→ **Your assignment**
Transcribe the records below in full; pictures stay out of the copy.

(Beginning of Extracted records)

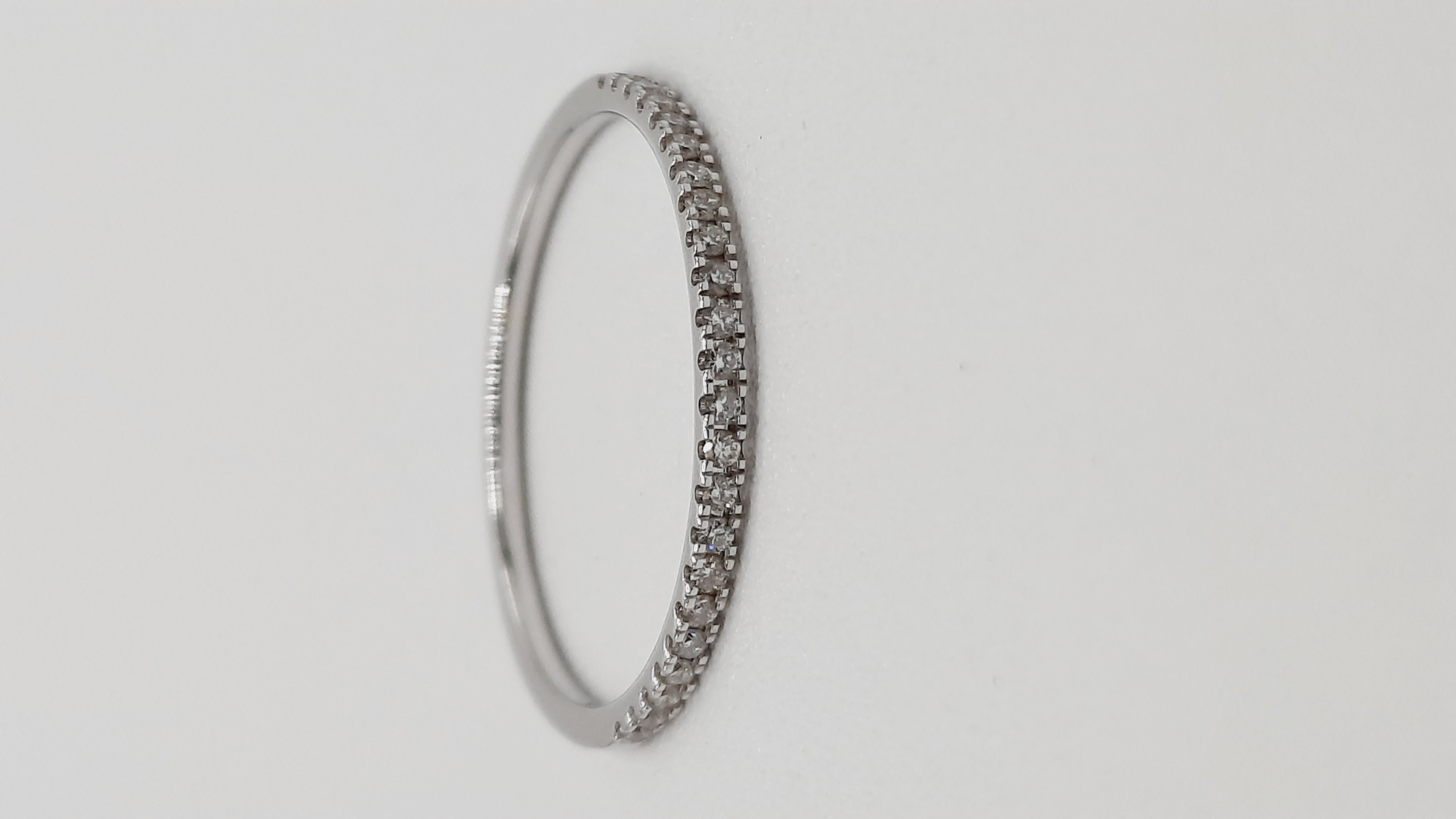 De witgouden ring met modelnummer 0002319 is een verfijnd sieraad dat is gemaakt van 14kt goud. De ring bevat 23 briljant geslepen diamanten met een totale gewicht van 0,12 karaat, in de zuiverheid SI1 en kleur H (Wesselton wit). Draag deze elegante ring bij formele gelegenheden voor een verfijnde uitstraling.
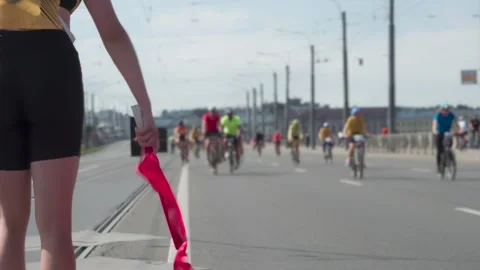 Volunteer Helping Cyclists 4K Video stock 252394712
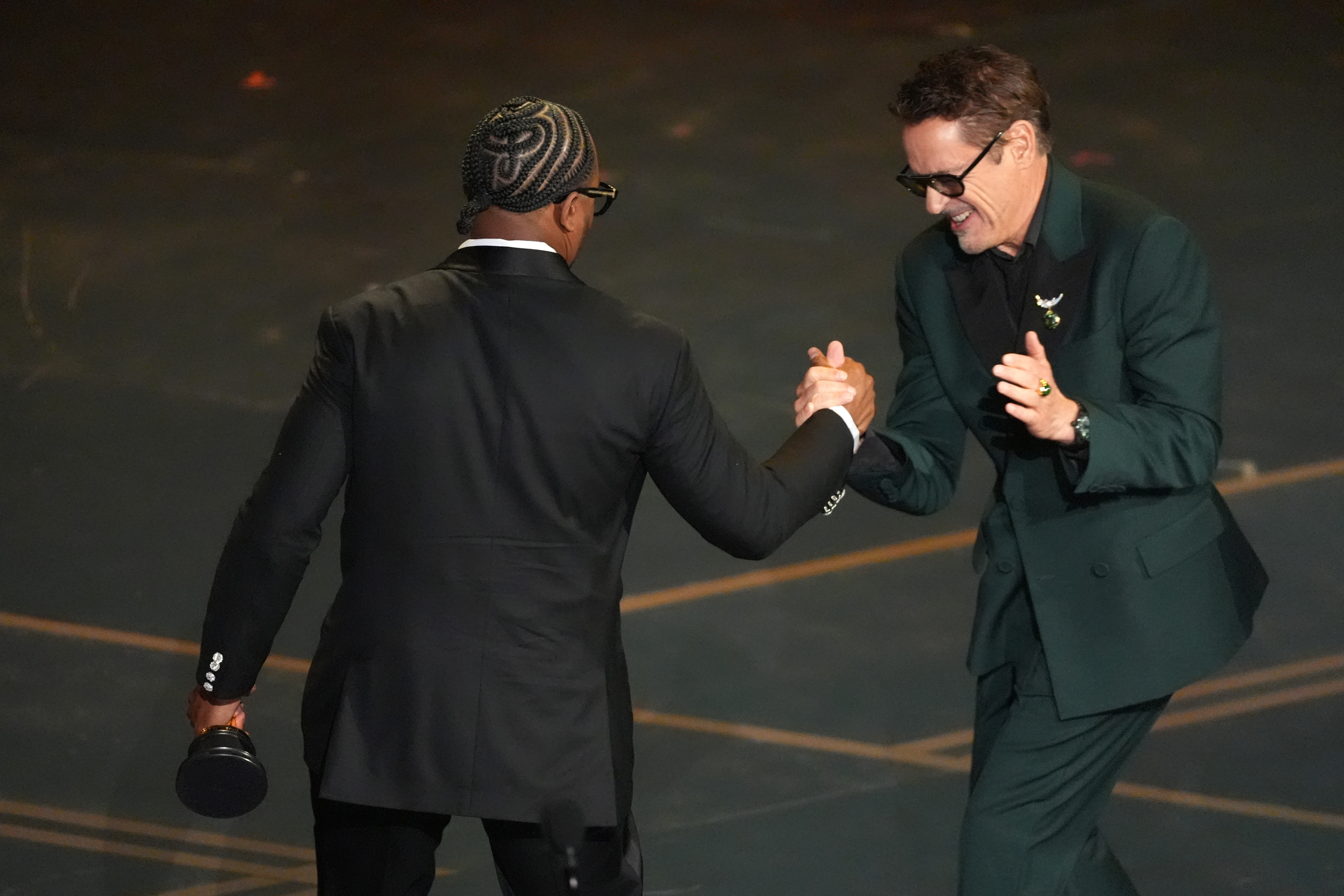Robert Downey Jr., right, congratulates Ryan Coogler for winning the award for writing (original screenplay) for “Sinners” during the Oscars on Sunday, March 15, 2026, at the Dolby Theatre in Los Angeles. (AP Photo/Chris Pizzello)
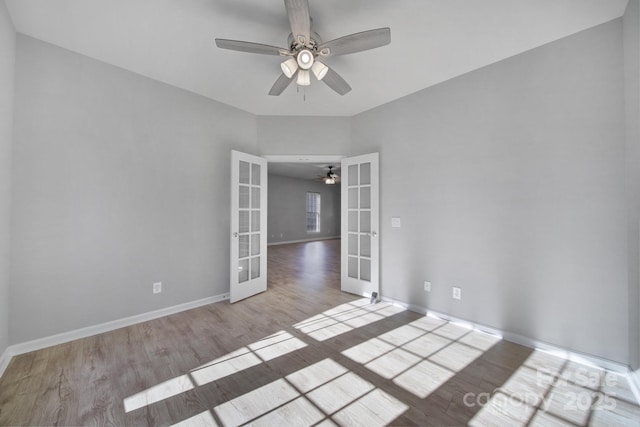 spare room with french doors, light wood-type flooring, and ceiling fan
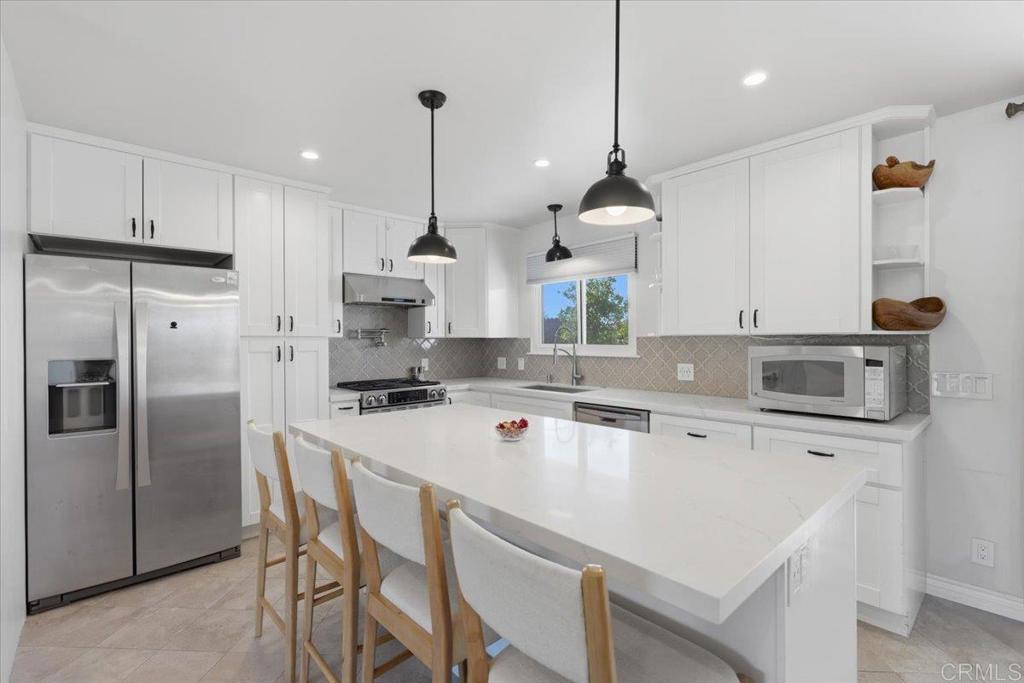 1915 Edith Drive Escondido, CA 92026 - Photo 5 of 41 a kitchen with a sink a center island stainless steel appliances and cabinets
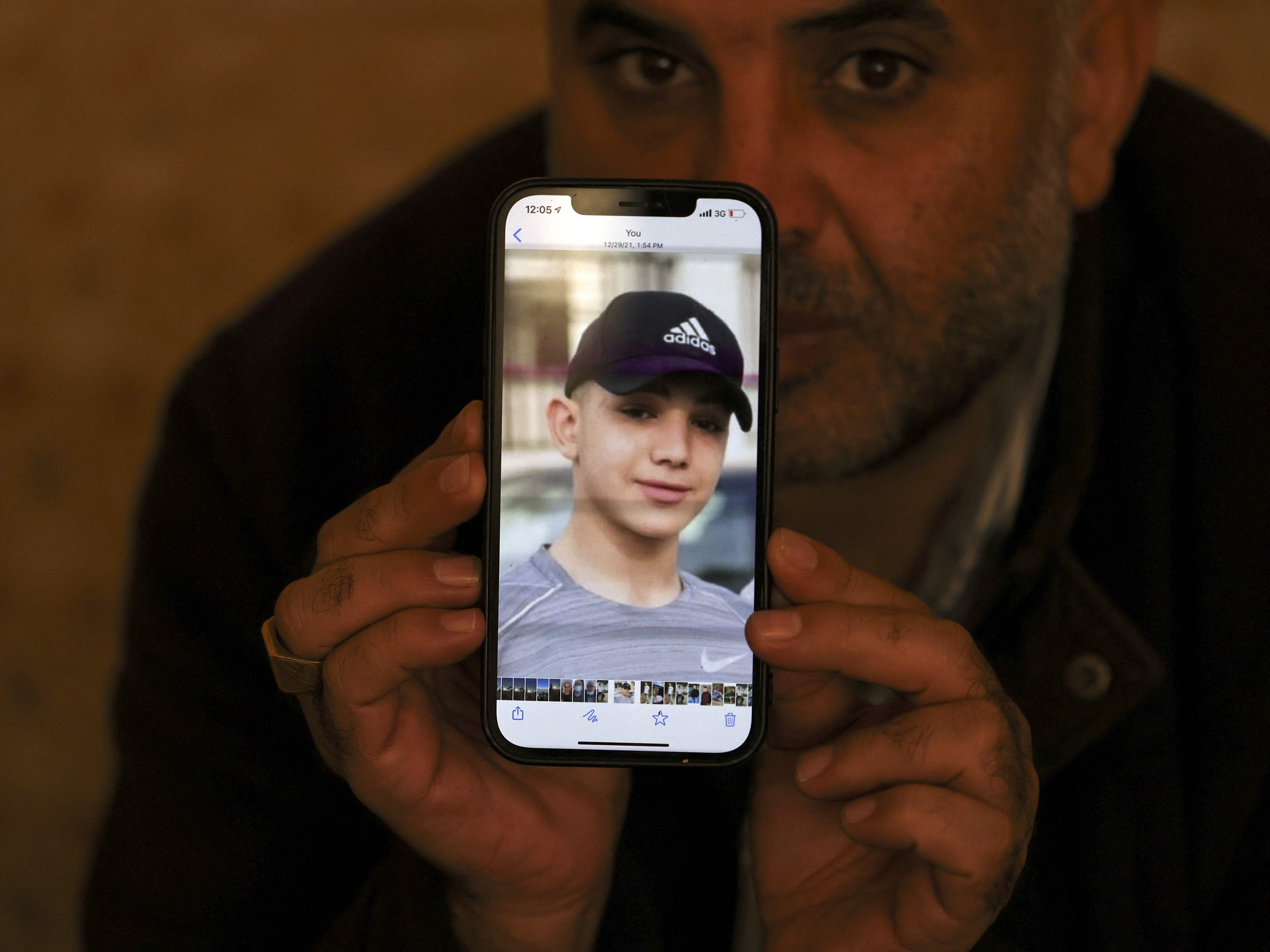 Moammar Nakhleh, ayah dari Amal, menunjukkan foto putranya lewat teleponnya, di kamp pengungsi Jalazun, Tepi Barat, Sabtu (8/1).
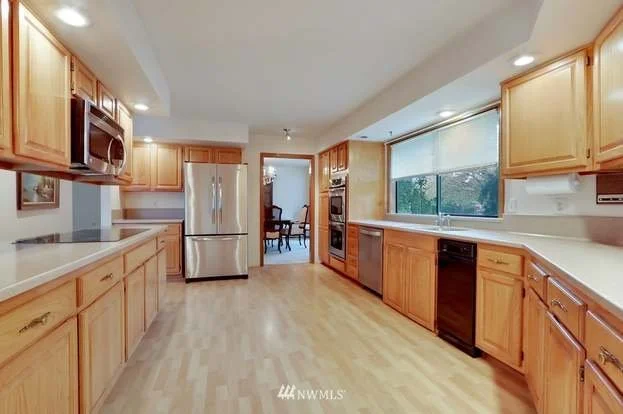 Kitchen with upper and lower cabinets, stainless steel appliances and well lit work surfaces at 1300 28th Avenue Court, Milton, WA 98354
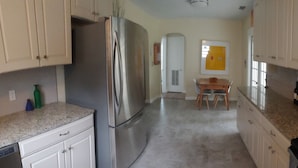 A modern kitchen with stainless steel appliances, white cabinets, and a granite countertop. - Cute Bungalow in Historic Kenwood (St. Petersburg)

(End of Extracted records)

→ **Problem solution**
 De witgouden ring met modelnummer 0002319 is een verfijnd sieraad dat is gemaakt van 14kt goud. De ring bevat 23 briljant geslepen diamanten met een totale gewicht van 0,12 karaat, in de zuiverheid SI1 en kleur H (Wesselton wit). Draag deze elegante ring bij formele gelegenheden voor een verfijnde uitstraling.
 Volunteer Helping Cyclists 4K Video stock 252394712
Robert Downey Jr., right, congratulates Ryan Coogler for winning the award for writing (original screenplay) for “Sinners” during the Oscars on Sunday, March 15, 2026, at the Dolby Theatre in Los Angeles. (AP Photo/Chris Pizzello)
 spare room with french doors, light wood-type flooring, and ceiling fan
 1915 Edith Drive Escondido, CA 92026 - Photo 5 of 41 a kitchen with a sink a center island stainless steel appliances and cabinets
 Moammar Nakhleh, ayah dari Amal, menunjukkan foto putranya lewat teleponnya, di kamp pengungsi Jalazun, Tepi Barat, Sabtu (8/1).
 Kitchen with upper and lower cabinets, stainless steel appliances and well lit work surfaces at 1300 28th Avenue Court, Milton, WA 98354
 A modern kitchen with stainless steel appliances, white cabinets, and a granite countertop. - Cute Bungalow in Historic Kenwood (St. Petersburg)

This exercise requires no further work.